Faut-il rappeler enfin, qu’il n’y a pas que le Hamas parmi les assaillants palestiniens ? Il y a aussi le Jihad islamique (sunnite, partisan de l’alliance avec le Hezbollah) – le Front populaire de libération de la Palestine (d’inspiration marxiste) – et le Front populaire de libération de la Palestine – Commandement Général, branche dissidente dès les années 1970, caractérisée  par  son radicalisme dans l’action, plus que par une idéologie.

Réduire les assaillants d’Israël  le 7 octobre 2023 au seul « islamisme » est donc très réducteur. Il faudra comprendre quelles impulsions ont mené, au contraire, à un rapprochement des frères ennemis palestiniens. 

Principes directeurs pour une politique française face à la guerre de Gaza

Une fois compris que le 7 octobre est le début d’une guerre, on devrait pouvoir garder la tête froide. La France a d’autant plus besoin de sérénité que vivent sur notre sol des Juifs et des musulmans. Et le moins que l’on puisse dire, c’est que nos gouvernements successifs n’ont pas été efficaces pour combattre les agressions antisémites ni pour intégrer les musulmans à la nation. Pourtant nous avons une tradition diplomatique solide, fondée sur la défense des souverainetés et le respect du droit international. Comme membre permanent du Conseil de sécurité des Nations-Unies, la France devrait prôner la désescalade et faire aboutir, avec la Russie et la Chine, la création d’un État palestinien.

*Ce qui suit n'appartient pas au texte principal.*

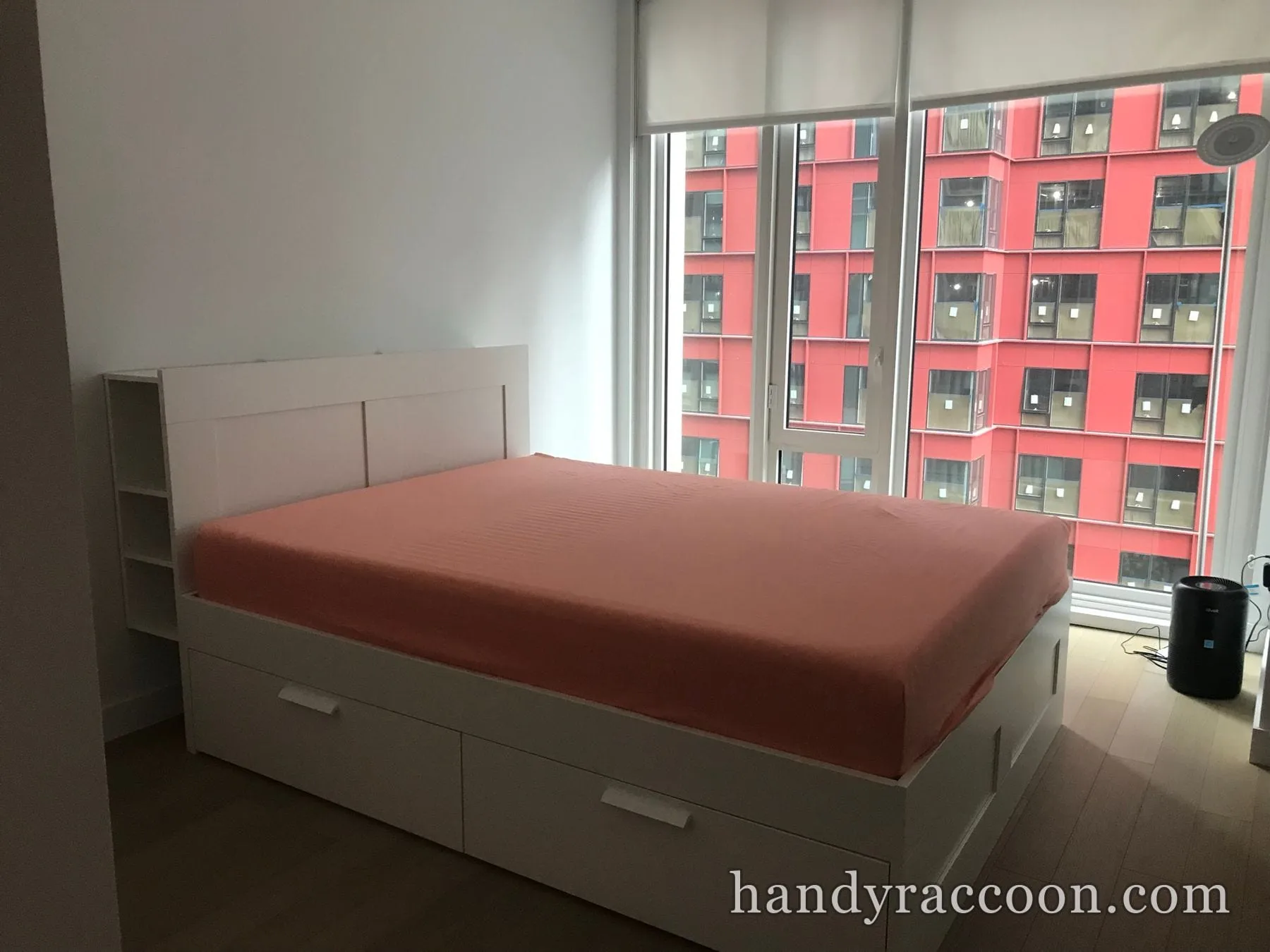 White platform bed with built-in drawers and fitted sheet beside a floor-to-ceiling bedroom window.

A partir du moment où l’on a compris la nature des événements du 7 octobre, il est plus facile de sortir du climat émotionnel occidental. C’est absolument vital, du point de vue politique, dans notre pays, où vit, en nombre (450 000), la plus importante communauté juive d’Europe. Et où vivent presque 6 millions de musulmans.

Le premier devoir d’un gouvernant étant de préserver la paix civile, je ne comprends pas l’attitude de nos autorités, qui ont clairement, le président Macron en tête, pris parti pour l’un des deux belligérants. Cela me paraît d’autant plus irresponsable que l’on assiste, depuis une trentaine d’années, à une montée des agressions contre des Français de confession ou de culture juive. Mais aussi parce que nos compatriotes de pratique ou de culture musulmane prennent spontanément parti pour les Palestiniens. Ajoutons le potentiel d’importation en France de comportements violents, voire terroristes: y aurait-il eu le meurtre d’un professeur à Arras si Emmanuel Macron avait joué son rôle de protecteur de la nation et mis ses pas dans ceux du Général de Gaulle, en adoptant comme deux autres membres permanents du Conseil de sécurité, la Russie et la Chine, une attitude de neutralité et des appels à la modération?

Le comportement du gouvernement français est d’autant plus incompréhensible en effet, que nous avons la chance de disposer d’un précieux héritage diplomatique qui devrait nous faciliter la tâche, au Proche-Orient, par rapport à d’autres nations.

+ Depuis la création de l’Etat d’Israël, la France a développé, en particulier par la bouche du Général de Gaulle, une vision équilibrée qui insiste sur le fait que la légitimité d’Israël ne repose pas sur un (toujours contestable) droit historique à occuper tel ou tel territoire mais d’un accord des Nations Unies en 1947. Cette vision des choses a été clairement exprimée par les successeurs de Charles de Gaulle, jusqu’à Jacques Chirac. Après cela, les trois successeurs se sont un peu laissés emberlificoter par la manière américaine et israélienne de déclarer impossible en pratique la création d’un Etat palestinien; mais la position officielle de la France n’a pas changé.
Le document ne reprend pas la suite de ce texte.